Re: [PATCH v14 098/138] iomap: Use folio offsets instead of page offsets
From: Darrick J. Wong
Date: Thu Jul 15 2021 - 17:27:02 EST
On Thu, Jul 15, 2021 at 04:36:24AM +0100, Matthew Wilcox (Oracle) wrote:
> Pass a folio around instead of the page, and make sure the offset
> is relative to the start of the folio instead of the start of a page.
> Also use size_t for offset & length to make it clear that these are byte
> counts, and to support >2GB folios in the future.
>
> Signed-off-by: Matthew Wilcox (Oracle) <willy@xxxxxxxxxxxxx>
> ---
> fs/iomap/buffered-io.c | 85 ++++++++++++++++++++++--------------------
> 1 file changed, 44 insertions(+), 41 deletions(-)
>
> diff --git a/fs/iomap/buffered-io.c b/fs/iomap/buffered-io.c
> index fbe4ebc074ce..707a96e36651 100644
> --- a/fs/iomap/buffered-io.c
> +++ b/fs/iomap/buffered-io.c
> @@ -75,18 +75,18 @@ static void iomap_page_release(struct folio *folio)
> }
>
> /*
> - * Calculate the range inside the page that we actually need to read.

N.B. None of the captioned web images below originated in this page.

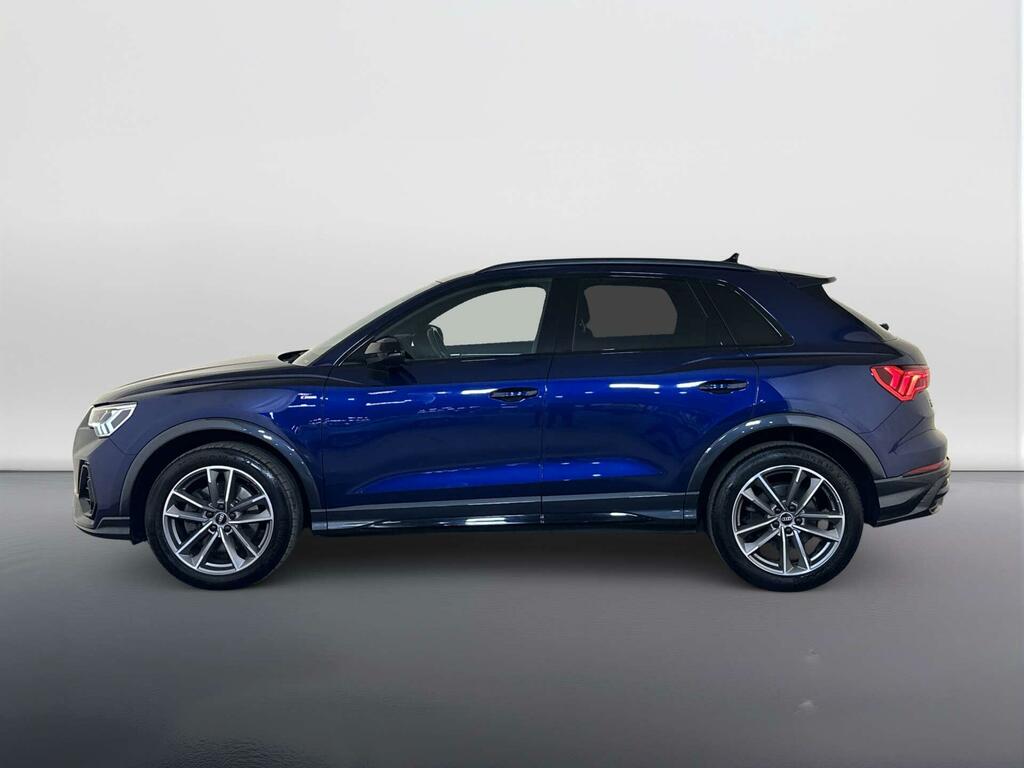 Audi Q3 2.0 Tdi 40 Black Edition Suv S Tronic Q NA22ODM Blue #5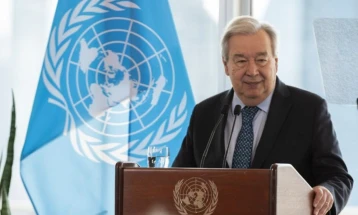 UN's Guterres: Two-state solution in Middle East more unlikely now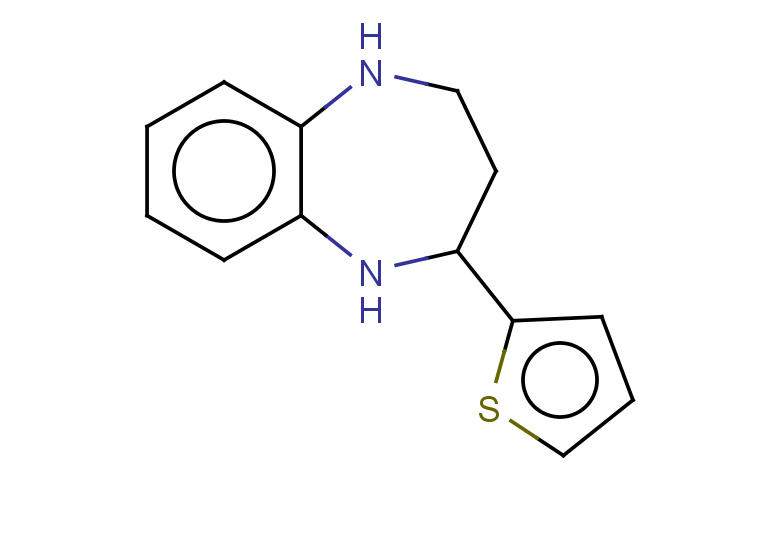 2-(thiophen-2-yl)-2,3,4,5-tetrahydro-1H-1,5-benzodiazepine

> + * Calculate the range inside the folio that we actually need to read.
> */
> -static void
> -iomap_adjust_read_range(struct inode *inode, struct iomap_page *iop,
> - loff_t *pos, loff_t length, unsigned *offp, unsigned *lenp)
> +static void iomap_adjust_read_range(struct inode *inode, struct folio *folio,
> + loff_t *pos, loff_t length, size_t *offp, size_t *lenp)
> {
> + struct iomap_page *iop = to_iomap_page(folio);
> loff_t orig_pos = *pos;
> loff_t isize = i_size_read(inode);
> unsigned block_bits = inode->i_blkbits;
> unsigned block_size = (1 << block_bits);
> - unsigned poff = offset_in_page(*pos);
> - unsigned plen = min_t(loff_t, PAGE_SIZE - poff, length);
> + size_t poff = offset_in_folio(folio, *pos);
> + size_t plen = min_t(loff_t, folio_size(folio) - poff, length);
I'm confused about 'size_t poff' here vs. 'unsigned end' later -- why do
we need a 64-bit quantity for poff? I suppose some day we might want to
have folios larger than 4GB or so, but so far we don't need that large
of a byte offset within a page/folio, right?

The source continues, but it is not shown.